• **MATERIAL PROVIDED**
((
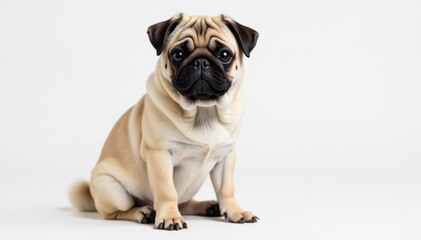 Adorable pug dog sits, isolated on white background , white, dog
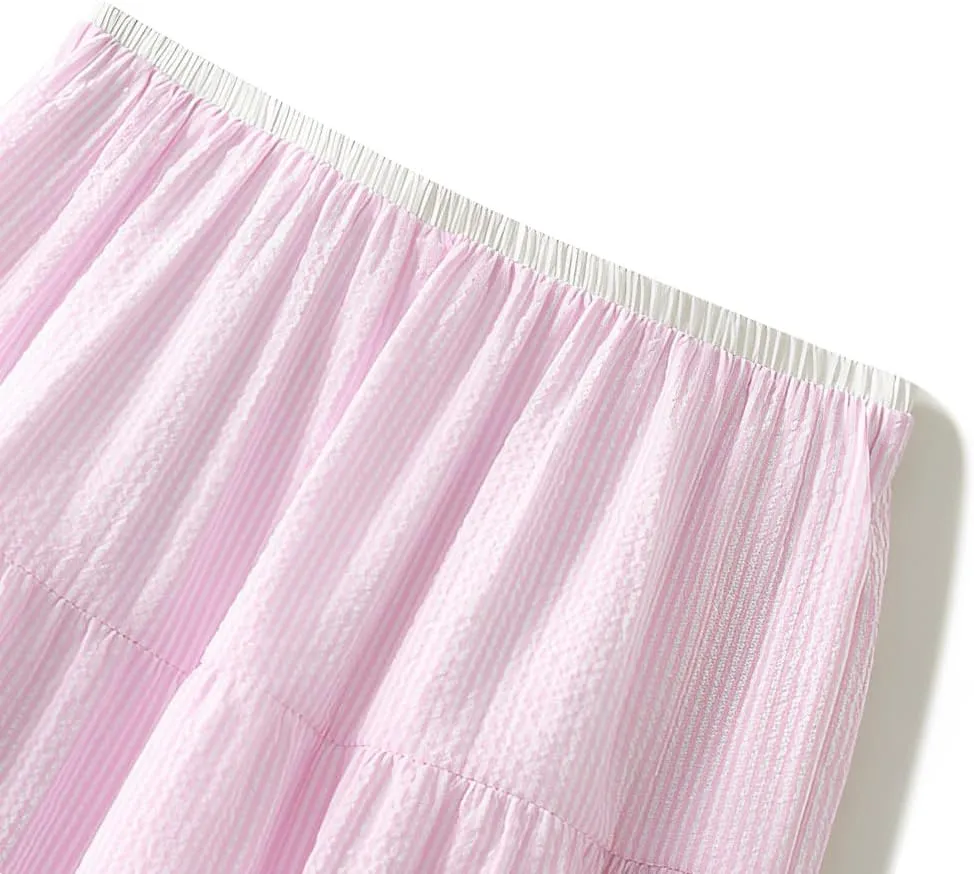 ikasus Women's Pleated A-Line Midi Skirt High Waist Swing Flare Sweet A-Line Flare Dress with Adjustable Waistband for Lady, Pink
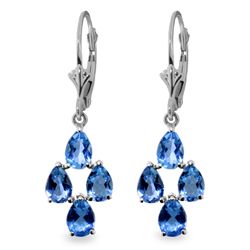 14K White Gold 4.50ct Pear Blue Topaz Leverback Earring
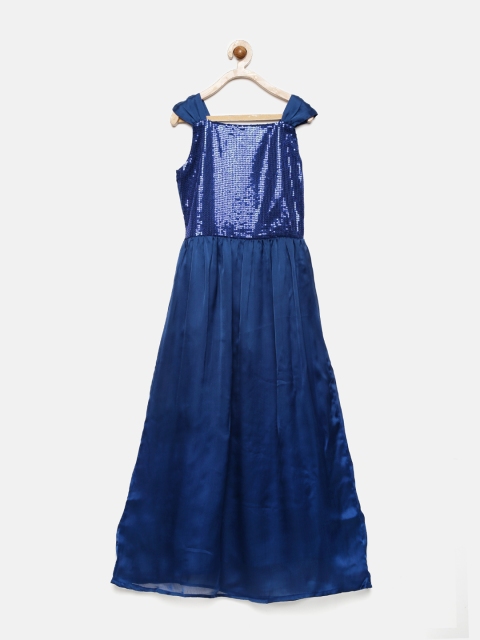 

YK Girls Blue Embellished Maxi Dress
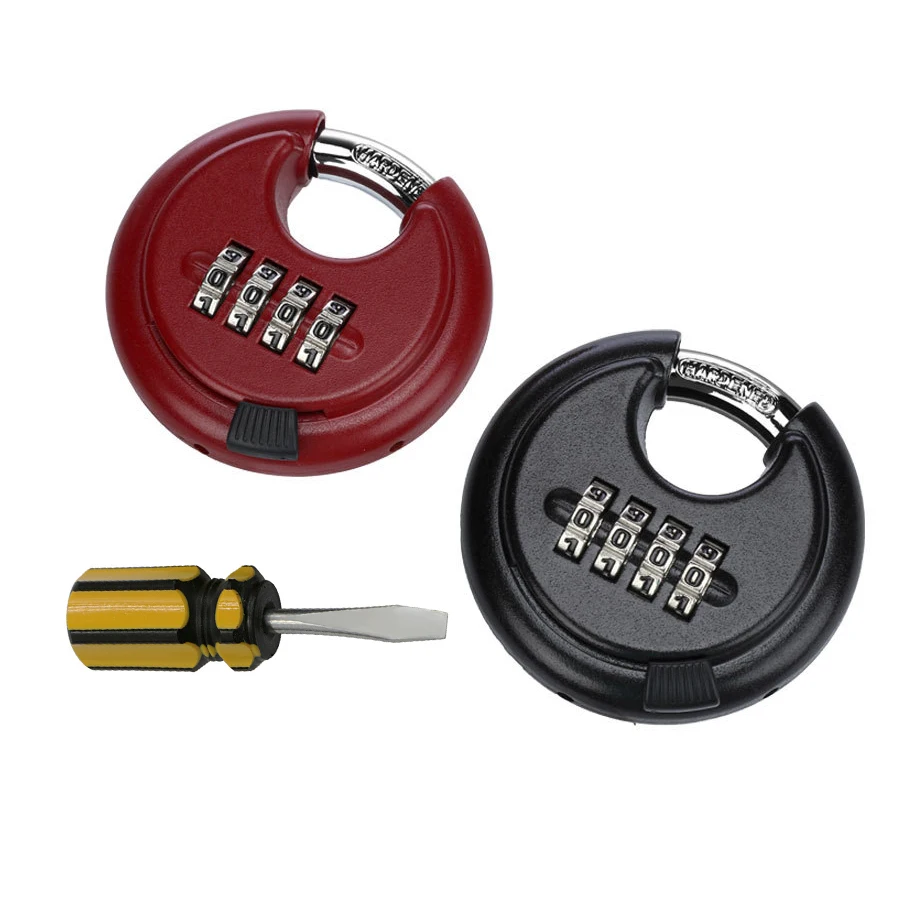 

1 Piece Safety Padlock 4-Digit Disc Heavy Duty Combination Lock for Gates / Sheds / Toolbox with Mini One Line Screwdriver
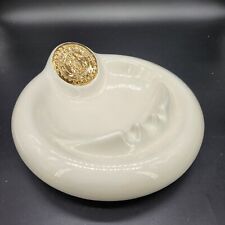 1969 Handmade Glazed Ceramic Large Round White Gold Navy Ashtray Mid Century  picture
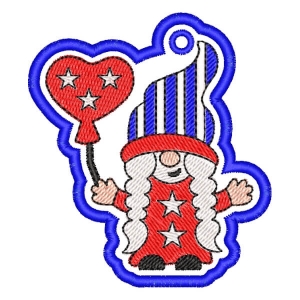 Keychan Gnome with Balloon (In The Hoop) Embroidery Design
))
• **BRIEF**
Only exact repeats of the lines from the one containing "1969 Handmade Glazed" through the end of the listing above are wanted here; pictures are not.

• **RESPONSE**
 1969 Handmade Glazed Ceramic Large Round White Gold Navy Ashtray Mid Century  picture
 Keychan Gnome with Balloon (In The Hoop) Embroidery Design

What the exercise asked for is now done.